» Exercise aim
Skip the pictures. Transcribe the rest of the data below without changing a word.

[Opening Dataset excerpt section]

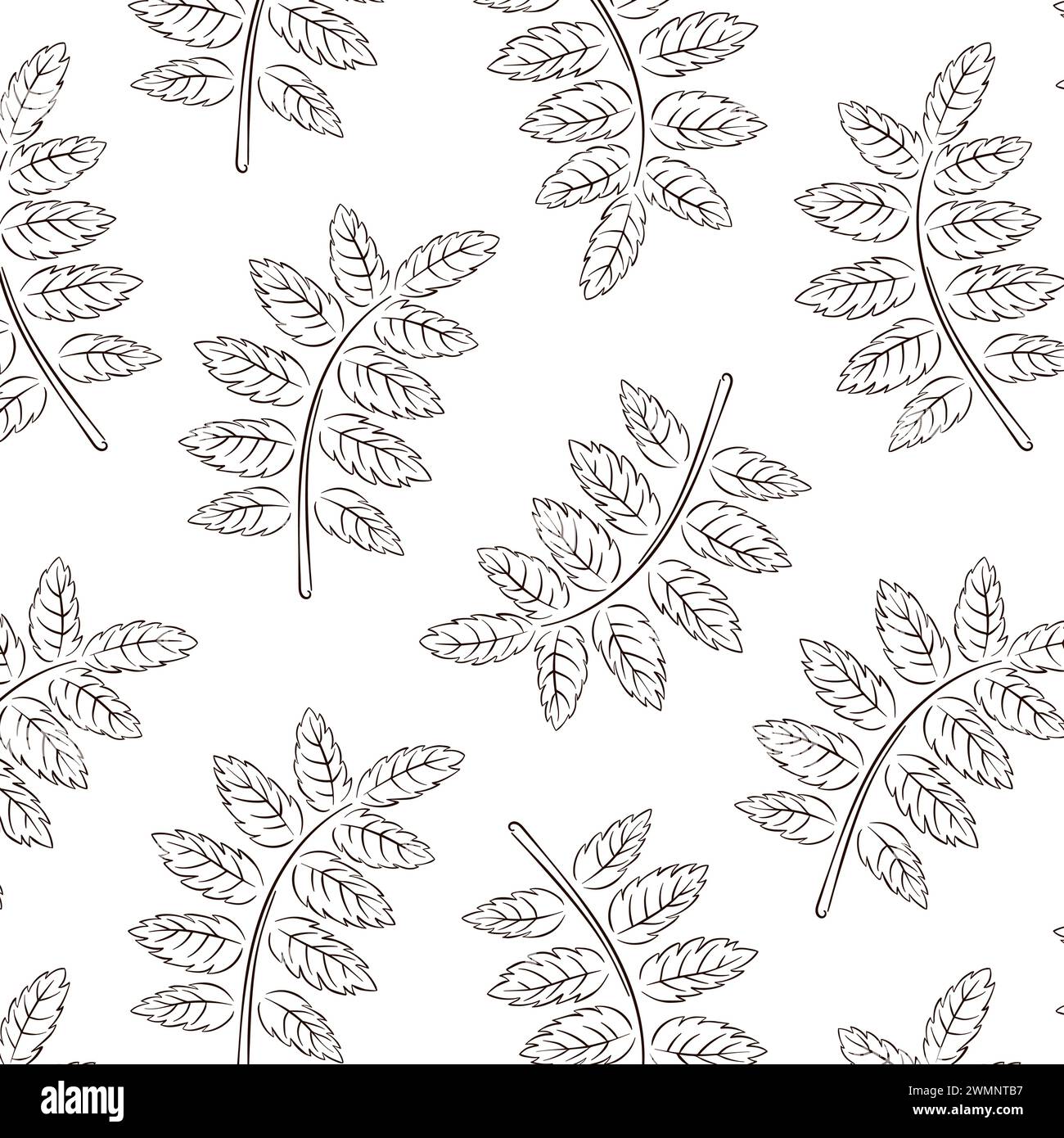 Modèle sans couture avec feuille de rowan dans le style art au trait. Texture de feuille abstraite pour papier peint, remplissages de motif, fond de page Web. Illustration vectorielle sur un Illustration de Vecteur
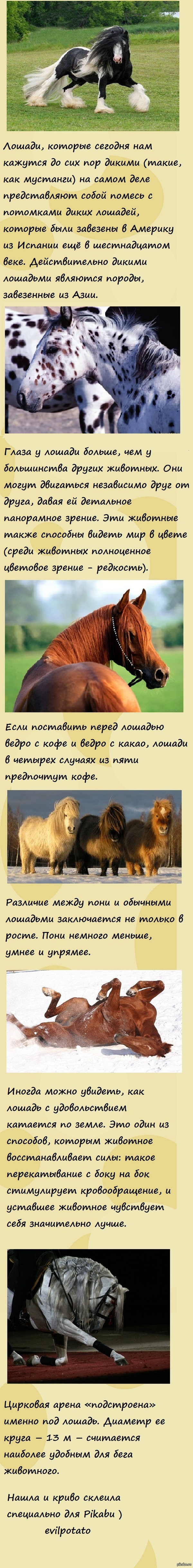 ������� ������ � ������� )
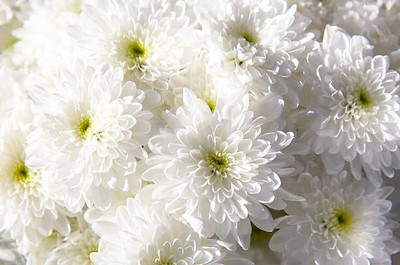 Lorvox Chrysanthamum Mix/Chamanti Seed(30 per packet)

[Closing Dataset excerpt section]

» Output for this exercise
 Modèle sans couture avec feuille de rowan dans le style art au trait. Texture de feuille abstraite pour papier peint, remplissages de motif, fond de page Web. Illustration vectorielle sur un Illustration de Vecteur
 ������� ������ � ������� )
 Lorvox Chrysanthamum Mix/Chamanti Seed(30 per packet)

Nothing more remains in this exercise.